**ABOUT THIS TASK:** When you copy the data, keep every word exactly as it is and leave the pictures out.
────────────────
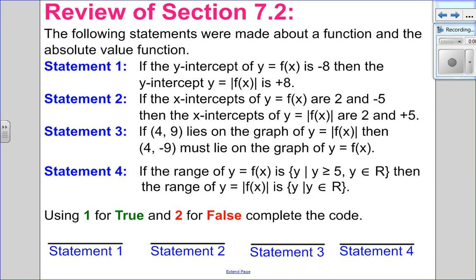Hello, Mathies. Gatos here. Welcome back to 7.2 Part 2. In this video, we will cover piecewise functions. But before we begin that, let's review what we did last video.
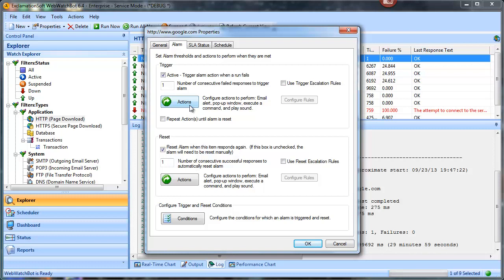Or automatically, if the watch action actually has one consecutive success. One of the things we tend to tell people as a best practice is you don't want to have the trigger be one and you don't want the reset to be one.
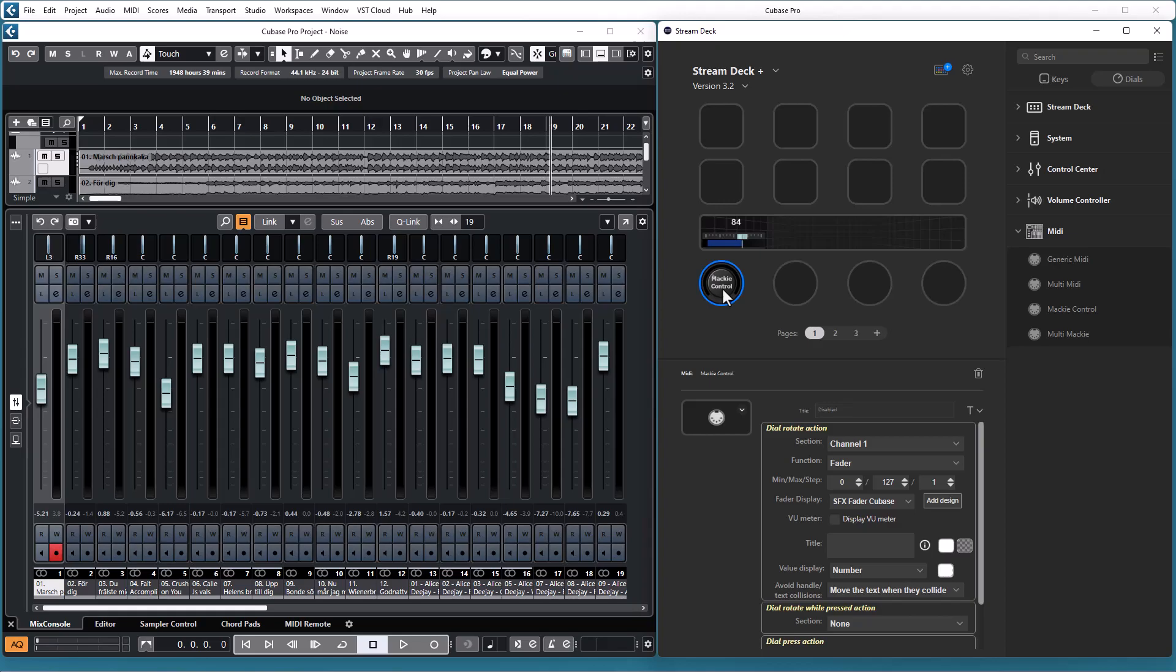With the Rotate action you can control faders, v-pots and scrub wheel. With the pressed action you can control buttons, and with the Rotate while pressed action you can control a little bit of both, but I come back to that.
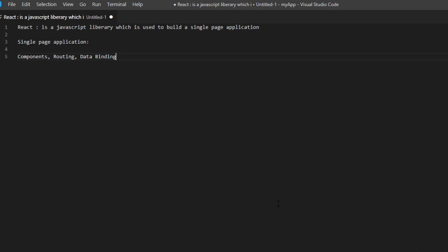In Redux we have a concept of a store, actions, and reducers. In the store you keep all the state of the application, so any component that needs that data can get it from the store and take actions on it. You should also know conditional rendering — based on some conditions, we render data. If you write an if-condition and want to render some HTML along with logic, that is conditional rendering.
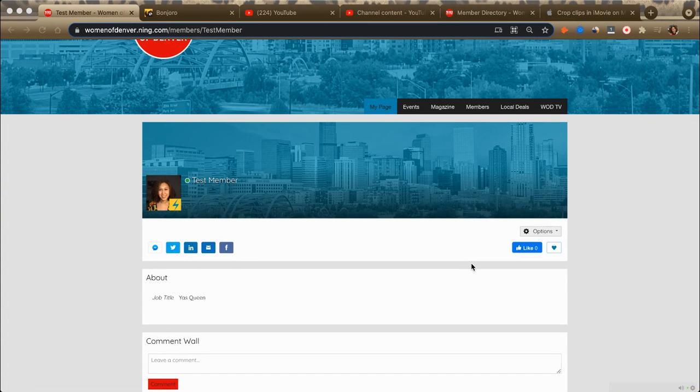Hey there! In this video, I will show you how to upload an event to the calendar.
────────────────
**EXPECTED OUTPUT:**
Hello, Mathies. Gatos here. Welcome back to 7.2 Part 2. In this video, we will cover piecewise functions. But before we begin that, let's review what we did last video.
Or automatically, if the watch action actually has one consecutive success. One of the things we tend to tell people as a best practice is you don't want to have the trigger be one and you don't want the reset to be one.
With the Rotate action you can control faders, v-pots and scrub wheel. With the pressed action you can control buttons, and with the Rotate while pressed action you can control a little bit of both, but I come back to that.
In Redux we have a concept of a store, actions, and reducers. In the store you keep all the state of the application, so any component that needs that data can get it from the store and take actions on it. You should also know conditional rendering — based on some conditions, we render data. If you write an if-condition and want to render some HTML along with logic, that is conditional rendering.
Hey there! In this video, I will show you how to upload an event to the calendar.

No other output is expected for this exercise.